This is the only weak point in your article.
Steve Hull

I’d love to see some data on your claim that most people use Uber Pool or Lyft Line, because I’m not sure that’s the reality. There’s been a lot of critical reporting on the Uber Pool experience. This Motherboard article is just one example.

I’m not saying that everyone should be taking the bus or that the bus is always the best solution. I do think on-demand services could play an important role in some cases, though I’m not sure the Uber model is the best one for such uses. I would also say that not everyone relies on buses, and that subways and trams can be even better public transit solution.

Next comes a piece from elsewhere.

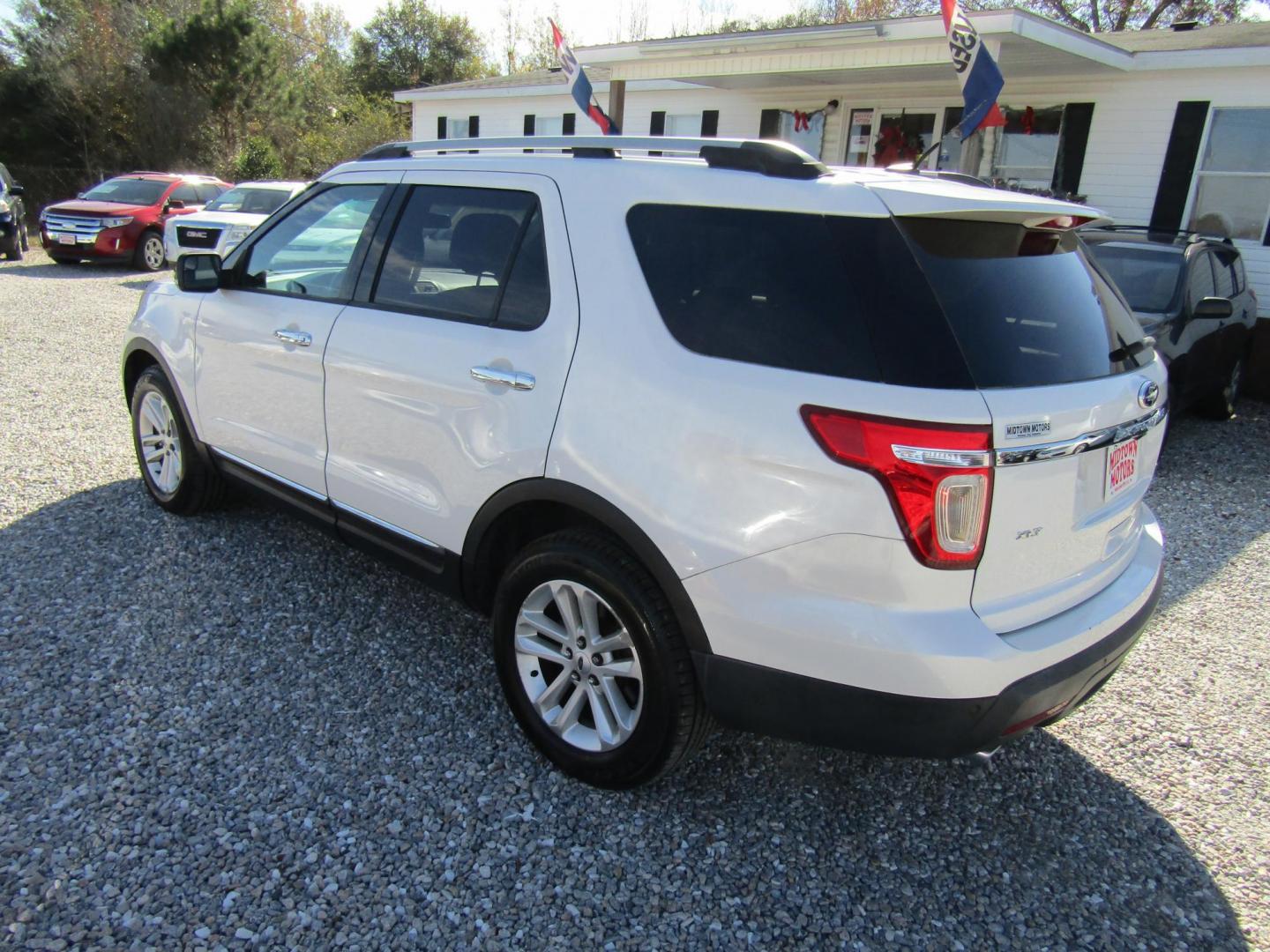 2014 White Ford Explorer XLT FWD (1FM5K7D86EG) with an 3.5L V6 DOHC 24V engine, Automatic transmission, located at 15016 S Hwy 231, Midland City, AL, 36350, (334) 983-3001, 31.306210, -85.495277 - Photo#4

I agree that there will be a transportation revolution of sorts when self-driving cars become readily available, but I’m not convinced it will be such a swift transition. I encounter a lot of people who are still wary of electric vehicles, let alone giving up their control over the machine. I think the fleet model is superior to the personal ownership model with self-driving vehicles, though I would like to see them added as a new public offering than being the purview of private companies. I also think we need to have a serious debate about transportation in cities. Do we want to keep giving over so much space to single-person vehicles, or should we take it back to use for public spaces and communal transportation solutions?

Naked Capitalism has published a five-part series on the economics of Uber (unfortunately too late to include as an aspect of this article) and you may be interested in it, as it sheds light on the lack of profitability in the current business model, and how fares are subsidized with billions in losses and VC money to try to achieve a monopoly postion.